Я верую
— Девушки?
— И девушки и парни.
— За что же их?
— А за что? Ни за что. За то, что собирались у кого-нибудь на квартере и наши духовные песни по крюкам пели.
Брали тогда — и сейчас берут — не за то, что молились, а за то, что собираются. За участие в сообществе, за проповедь, то есть за пропаганду религиозных, а следовательно и непременно антисоветских взглядов. За то, что не ставили свечу под кроватью.
Что касается духовенства, то тех брали и просто так — чтобы закрыть, например, церковь. «Дело» выдумать и пришить было нетрудно.
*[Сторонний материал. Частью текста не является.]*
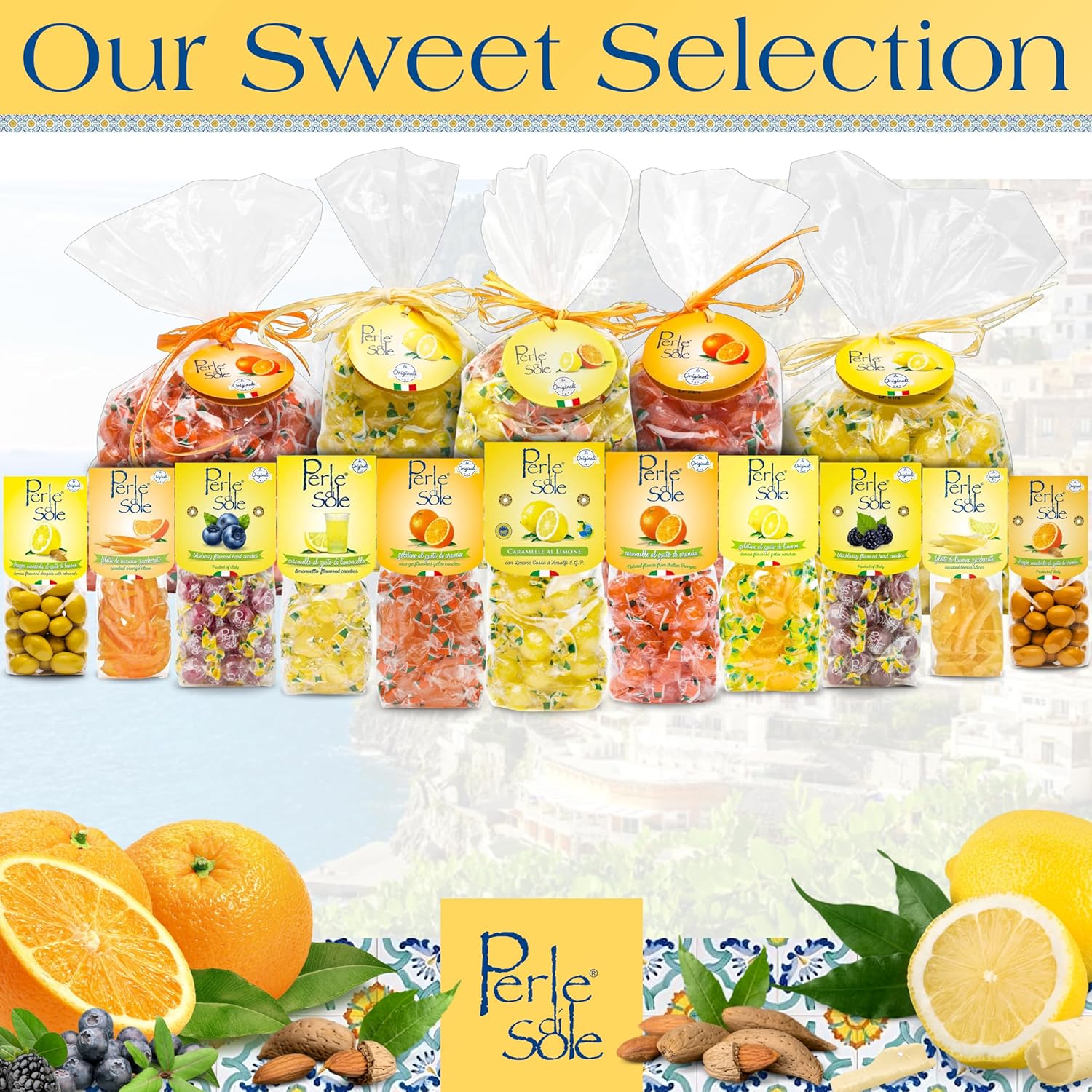 Perle di Sole Individually Wrapped Citrus Lozenges – Portion-Controlled Self-Care Sweet for the Desk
Дела тогда пришивались, как известно, не только сельским батюшкам, но и маршалам, и наркомам, и секретарям обкомов.
Хотя почти всю жизнь я ходил в церковь таясь, оглядываясь, делая, как заяц, петли, запутывая след, о том, что я там бываю и молюсь, знали не только в нынешнем МГБ, но еще и в НКВД и даже, пожалуй, в ГПУ. И высокое начальство знало. Однако терпели. Я ведь ни с кем не «общался», нигде не «собирался». Криминала не было. А найти его, этот криминал, очень, по-видимому, хотели.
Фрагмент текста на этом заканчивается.